Given data section start
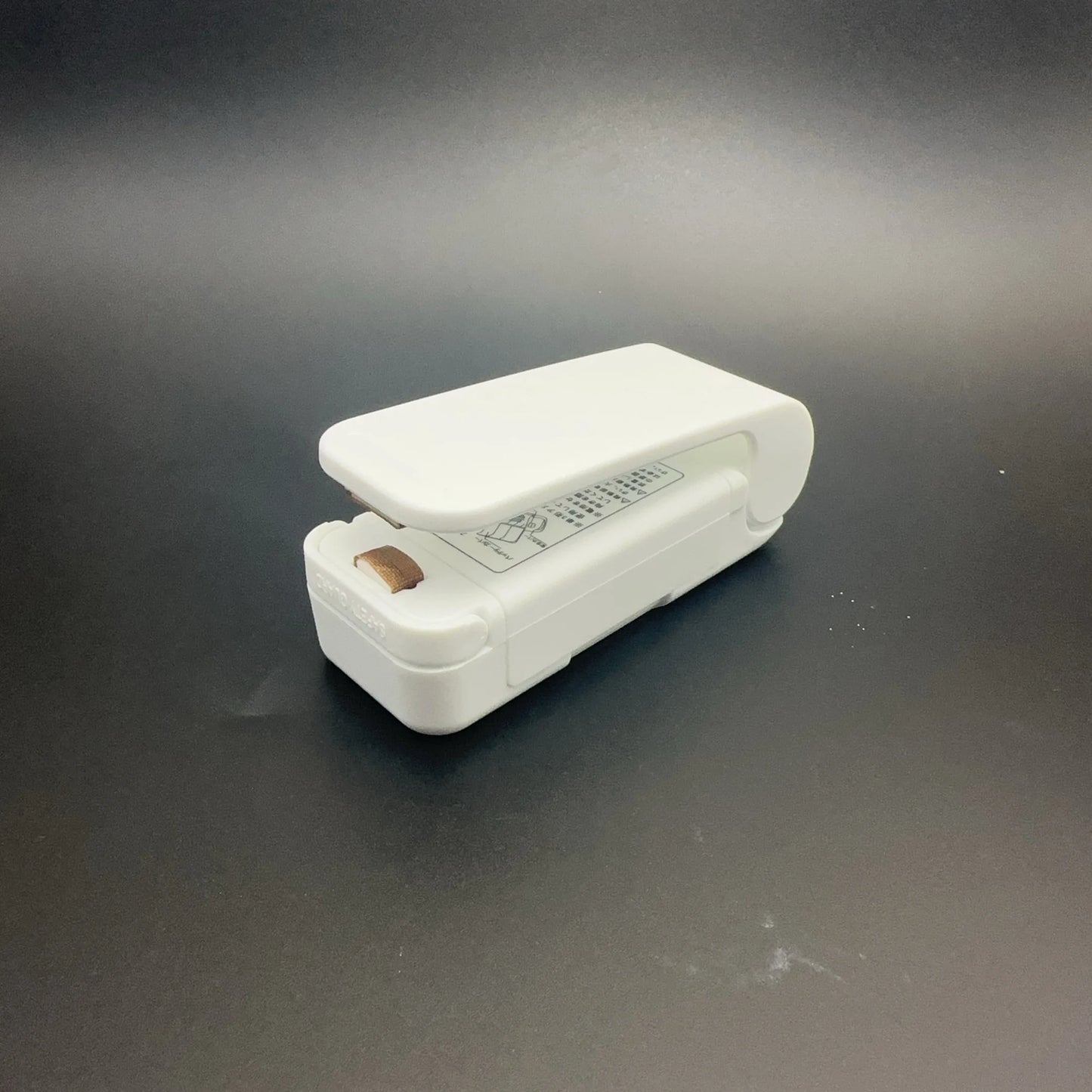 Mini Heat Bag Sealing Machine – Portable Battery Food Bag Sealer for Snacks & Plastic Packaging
Given data section end
Given data section start
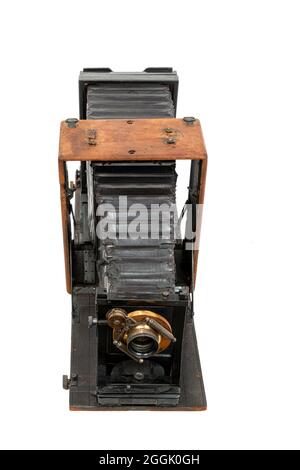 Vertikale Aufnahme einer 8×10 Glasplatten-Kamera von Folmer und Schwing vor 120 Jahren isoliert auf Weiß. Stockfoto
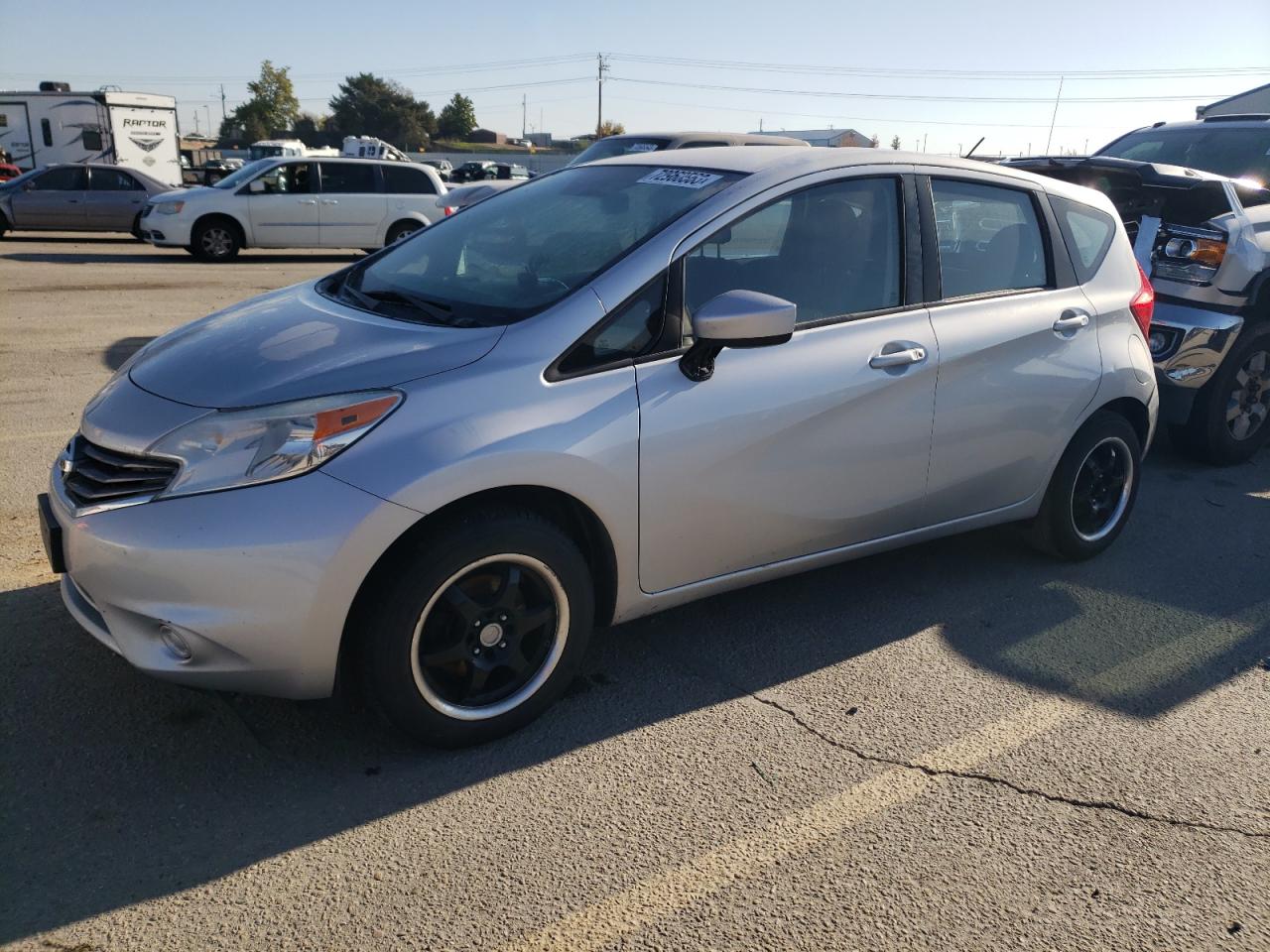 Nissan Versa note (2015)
Given data section end
◆ Assigned task
Please repeat, exactly as written, the lines in the records above, starting with the one that has "Vertikale Aufnahme einer" and going on through the one that has "Nissan Versa note (2015)". Pictures are to be left out.

◆ Solution below
 Vertikale Aufnahme einer 8×10 Glasplatten-Kamera von Folmer und Schwing vor 120 Jahren isoliert auf Weiß. Stockfoto
 Nissan Versa note (2015)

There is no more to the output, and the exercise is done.